Converting SH Radiance to Irradiance

In the last post we explained an alternative, simpler way of defining the Spherical Harmonic basis functions. We are now going to use this definition of the L0 and L1 basis functions to investigate a classic lighting use case: converting radiance to irradiance.

Radiance is the incoming light at a point. Since this is a spherical function, it can be approximated by a truncated SH series, and this approximation can be computed by sampling (in, say, your favourite path tracer or real-time global illumination system). However, for shading geometry we need to know outgoing light, also known as irradiance.

For the purposes of this post we assume the perfectly diffuse Lambertian BRDF, which is a constant function.

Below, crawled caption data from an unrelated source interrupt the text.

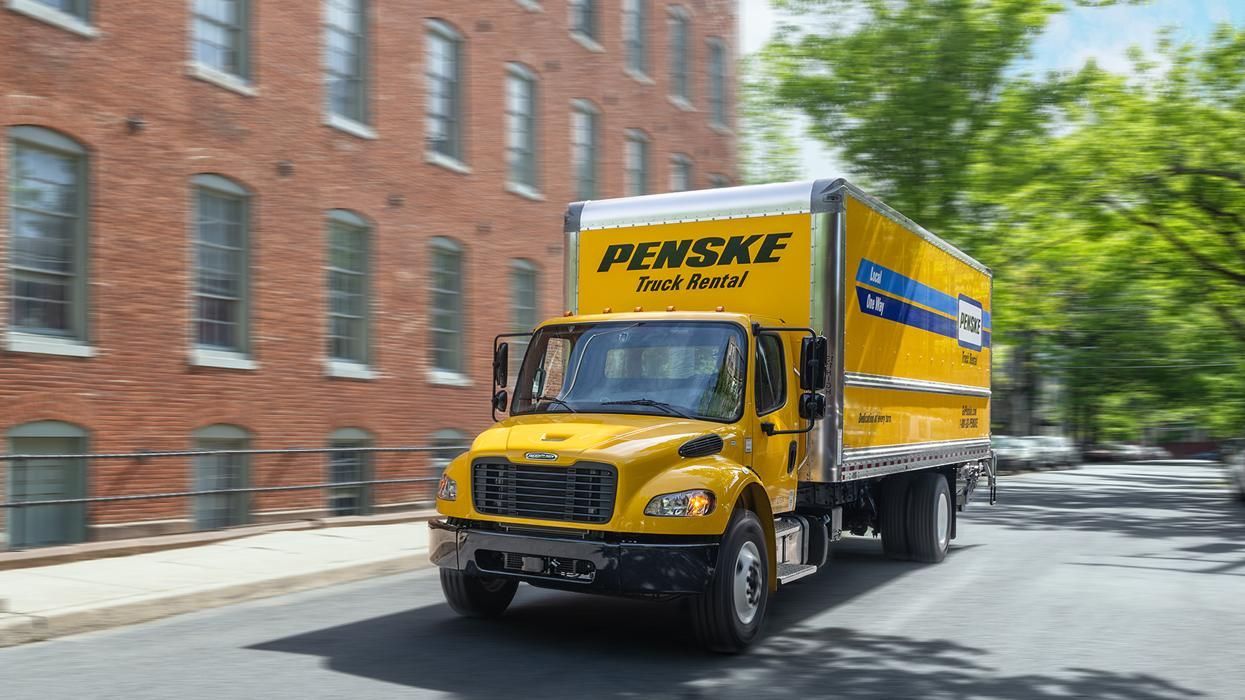 Photo of a Penske Medium-Duty Box Truck Rental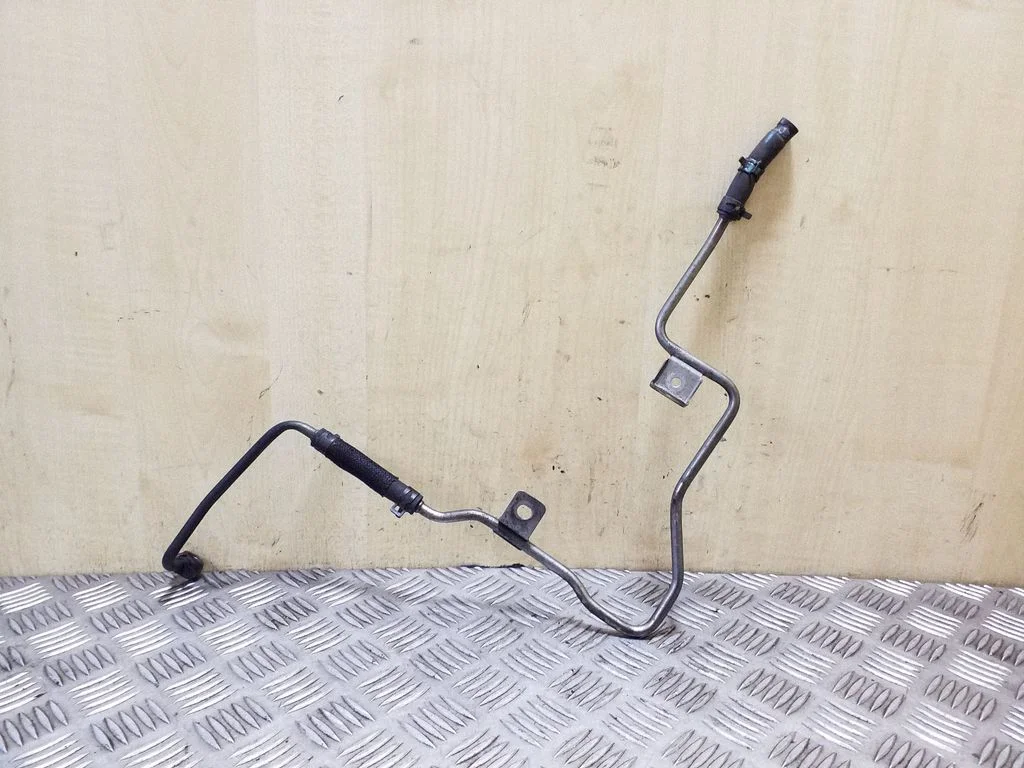 Coolant pipe/hose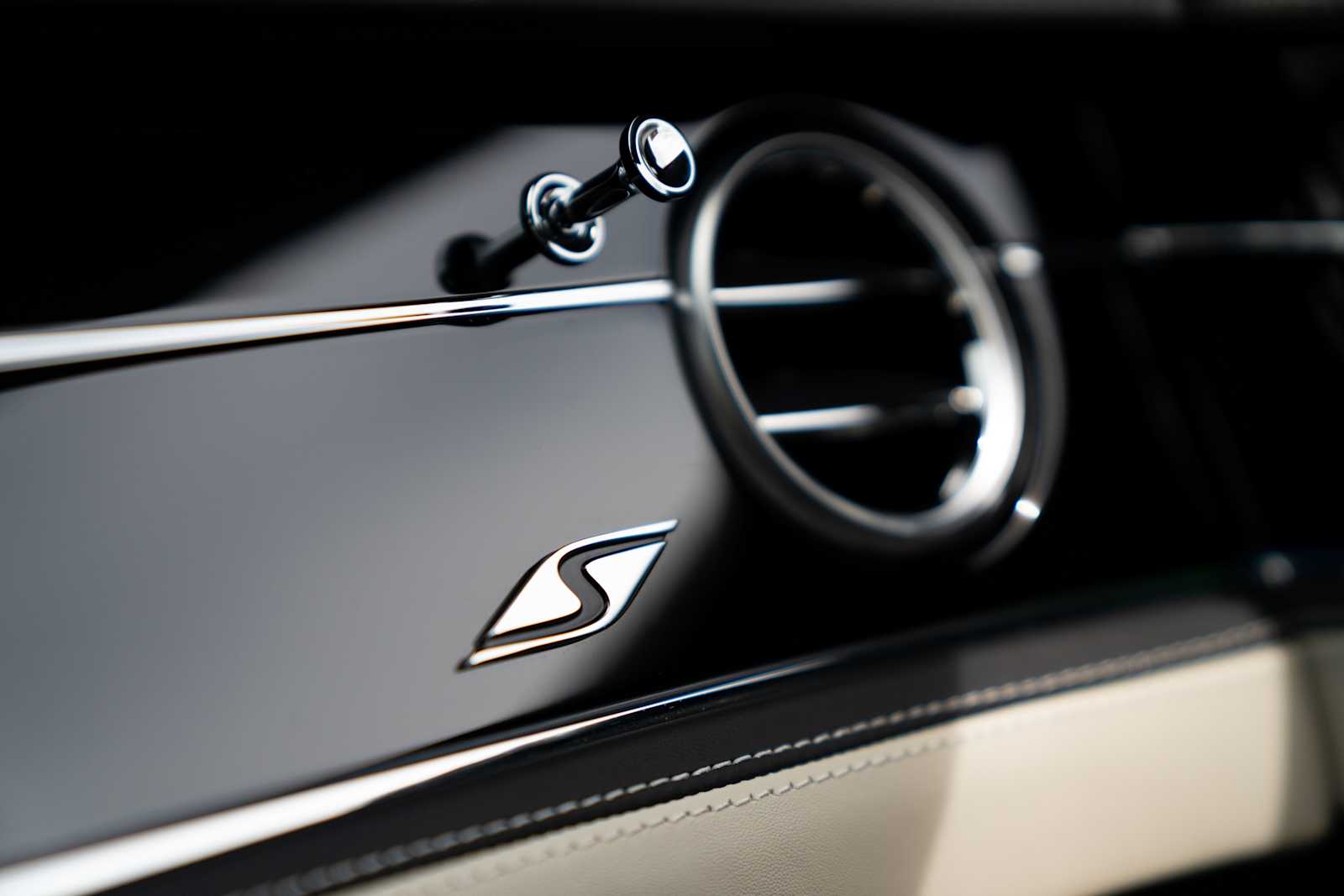 used 2023 Bentley Flying Spur car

Therefore irradiance is the following hemispherical integral:

    \[ I(\vec{\boldsymbol{n}})=\frac{1}{\pi}\int_H\vec{\boldsymbol{n}}\!\cdot\!\vec{\boldsymbol{\omega}} R(\vec{\boldsymbol{\omega}}) d\Omega \]

where \vec{\boldsymbol{n}}\!\cdot\!\vec{\boldsymbol{\omega}} is the geometry term.

Computing the SH approximation we can replace R(\vec{\boldsymbol{\omega}}) by R_{sh}(\vec{\boldsymbol{\omega}}) and compute the SH coefficients of independently:

    \[ I_0=\frac{1}{\pi}\int_H\vec{\boldsymbol{n}}\!\cdot\!\vec{\boldsymbol{\omega}}\, R_0 \, d\Omega = R_0 \]

    \[ \vec{\boldsymbol{I}}_1=\frac{1}{\pi}\int_H \vec{\boldsymbol{n}}\!\cdot\!\vec{\boldsymbol{\omega}} \, 3 \vec{\boldsymbol{R}}_1\!\cdot\!\vec{\boldsymbol{\omega}} \, d\Omega =2\vec{\boldsymbol{R}}_1 \]

    \[ I_2^{ij}=\frac{1}{\pi}\int_H \vec{\boldsymbol{n}}\!\cdot\!\vec{\boldsymbol{\omega}} \, \tfrac{15}{2}\omega_i \omega_j R_2^{ij} =\tfrac{15}{8}R_2^{ij} \]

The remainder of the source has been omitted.